2009年10月07日(水)  鈴木蘭々主演『サッちゃんの明日』(大人計画)

今朝のこと、ワイドショーに鈴木亜美が出ているのを観ての連想か、「鈴木蘭々って最近どうしてるんだろ」とダンナが聞いてきた。「お芝居なんかに出てるよ」と答えて、「そうそう。今日観に行く舞台の主役、鈴木蘭々なんだよ」と思い出した。

というわけで、大人計画『サッちゃんの明日』。毎度のことながら、満席の客席は「かかってこい」のお祭り歓迎体制で、のっけからよく笑い、下ネタにも反応しすぎなほど。わたしの後ろの席の男性は、早押しクイズのような素早さで食いつくように笑いの波に一番乗りしていて、その余波でわたしのまわりはとくに笑い感度が高くなっていた。

(ネタバレご注意)犬に噛まれて足が不自由になった蕎麦屋の娘サチコ(鈴木蘭々)はアル中の父(松尾スズキ)と未亡人の祖母(小松和重)との三人暮らし。母(家納ジュンコ)と祖父は近親相姦の上、駆け落ちして死んだ(が後になって母が帰ってくる)。脳性マヒの男友達で営業マンの沼田(小松和重の二役。お見事!)が連れてきた後輩のゴロウ(星野源)は、サチコを噛んだ犬の飼い主の養子。蕎麦屋に面接に来た男(皆川猿時)は刑務所上がり。シングルマザーで7か月の息子がいる友人つぐみ(猫背椿)はダンサーとしてひと華咲かせる夢を諦めきれず、ニューヨークで成功し、一時帰国中の先輩を訪ねるが、そこには覚醒剤の売人(宮藤官九郎)がいて、高額のオーディション料をふんだくられる。売人の探し物は蕎麦屋にあり、それが見つからないと命が危ない。果ては北朝鮮ミサイルが撃ち込まれたというニュースが……。

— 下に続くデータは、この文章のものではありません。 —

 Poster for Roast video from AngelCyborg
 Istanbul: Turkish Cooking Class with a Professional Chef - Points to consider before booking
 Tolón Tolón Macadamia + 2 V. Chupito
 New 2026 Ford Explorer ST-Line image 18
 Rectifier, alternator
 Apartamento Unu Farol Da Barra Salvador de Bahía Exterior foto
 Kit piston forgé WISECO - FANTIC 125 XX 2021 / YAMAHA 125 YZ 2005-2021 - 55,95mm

これだけのヘビーな題材を次々と繰り出しつつ、常に客席が笑いで沸いているというのがすごい。「私にはエロサイトがあるー」と高らかに歌っても清潔感がある鈴木蘭々というのもすごい。下ネタが捨て身ではなく、自然。一方、家納ジュンコと猫背椿は堂々たる捨て身っぷりが芸になっている。皆川猿時と小松和重の体を張った芝居も、役者ってすごい生き物だなあと思わせる。

大人計画の舞台を見慣れてくると、ウンコが背中に張りつくネタにも笑えるようになるが、覚醒剤ネタはタイムリーすぎて笑い飛ばすには重さを感じる。明らかに幸福○○党をパロディにしたと思われる幸福追求党も最近の話題ではあるけれど、覚醒剤のほうは脚本を書き上げてから現実が追いついてしまったのかもしれない。

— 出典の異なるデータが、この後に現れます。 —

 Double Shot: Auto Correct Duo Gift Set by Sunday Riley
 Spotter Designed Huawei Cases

生の鈴木蘭々を見ながら、カラオケで「なんで なんで ナンデ?」という彼女の歌をよく歌っていたことや、デーブ・スペクターや高田純二とともに出ていた「GHOST SOUP(ゴーストスープ)」という岩井俊二演出のドラマがすごく良く出来たクリスマスの奇跡物語だったことなんかも懐かしく思い出した。顔立ちも声も醸し出す雰囲気も好きなので、いつか作品をご一緒できたらと思う。鈴木蘭々をさん付けすると「ん」が3つ刻まれて「ヴァンサンカン」や「チリコンカン」みたいな響きになるので敬称略にした結果、今日の日記の人物名は皆さん敬称略になってしまった。

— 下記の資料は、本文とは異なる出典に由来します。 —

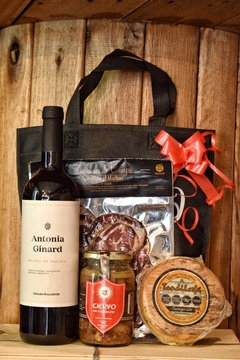 Regalo Picada+ Vino
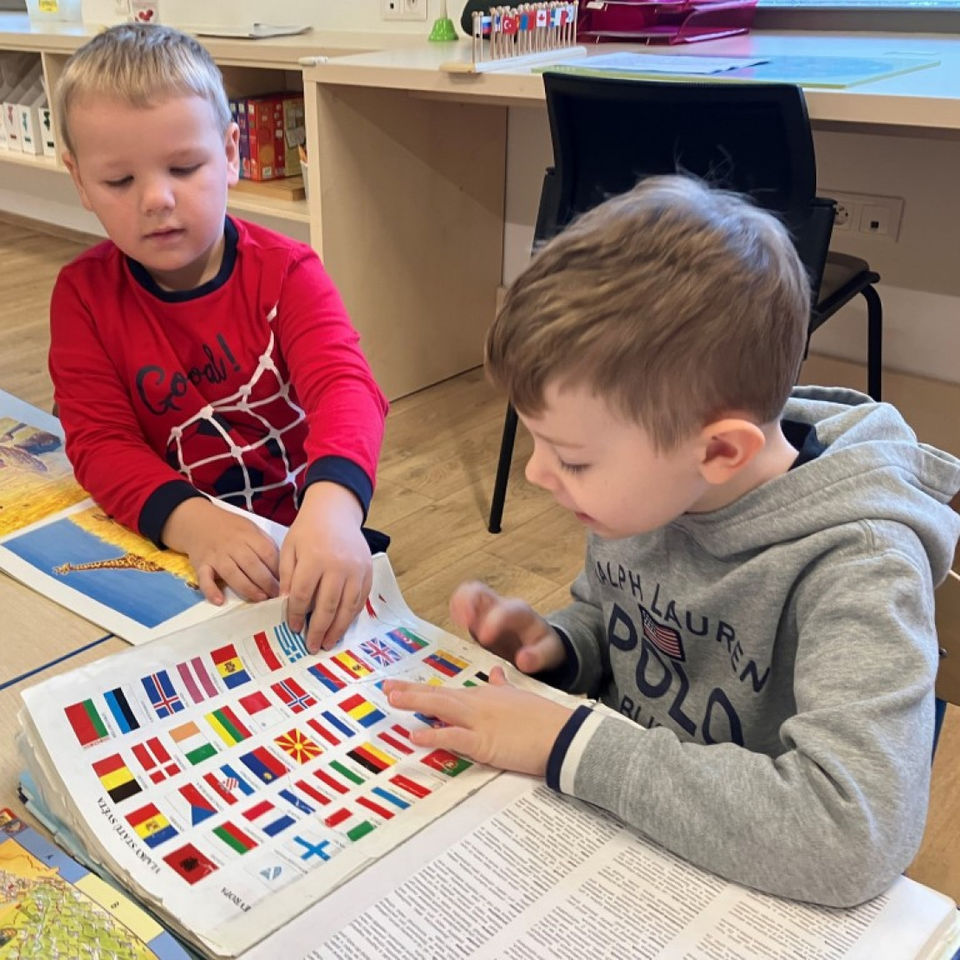 Colours of the World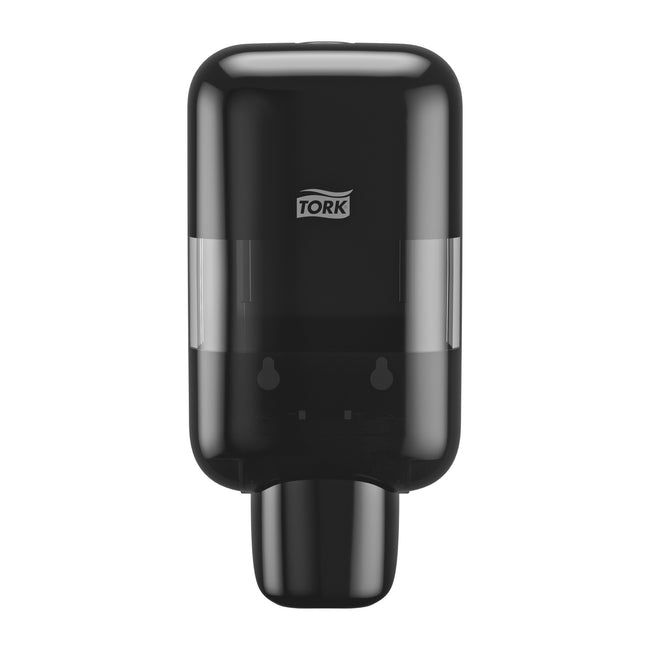 Tork - Dispensador de jabón S5 Elevation 525ml negro 565208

作・演出は松尾スズキ。宮藤官九郎作・演出を何本か観たのと比べてみると、クドカンカラーだと思っていたのは大人計画カラーでもあったのかもと思う。わたしには書けないし、真似できない。だからこそ毎回異種格闘技を眺めるように圧倒される、ヘアメイクは今回も大和田一美さん。コピーライターだった頃、お仕事で出会って一時期髪を切ってもらっていたので、役者さんたちの顔まわりに注目しながら、お元気かなと思いを馳せた。

大人計画『サッちゃんの明日』

2009年9月18日(金)〜10月11日(日) 
シアタートラム

【作・演出】 松尾スズキ
【出演】 鈴木蘭々 宮藤官九郎 猫背椿 皆川猿時 星野源 家納ジュンコ 小松和重 松尾スズキ

2008年10月07日(火)  朝からベランダで野良仕事
2006年10月07日(土)  マタニティオレンジ16 おっぱい出張所
2005年10月07日(金)  国民行事アンケート「国勢調査」の行方


2009年10月06日(火)  台風接近!打ち合わせの話題は「藤原効果」

「台風が近づいていますねえ」「なんか、すごい勢力らしいですね」「上陸しちゃうんでしょうか」そんな雑談から打ち合わせが始まり、「藤原効果」という言葉が出て来た。二つの台風が1000キロ以内に接近すると、渦巻く両者が作用し合って動きが変化する現象だそうで、今回、それが日本のはるか南で起こり、ひとつはフィリピンへ向かい、もうひとつが本州を目指しているのだとか。後で調べると、藤原さんという気象台の方が発見したので、この名称がついたらしい。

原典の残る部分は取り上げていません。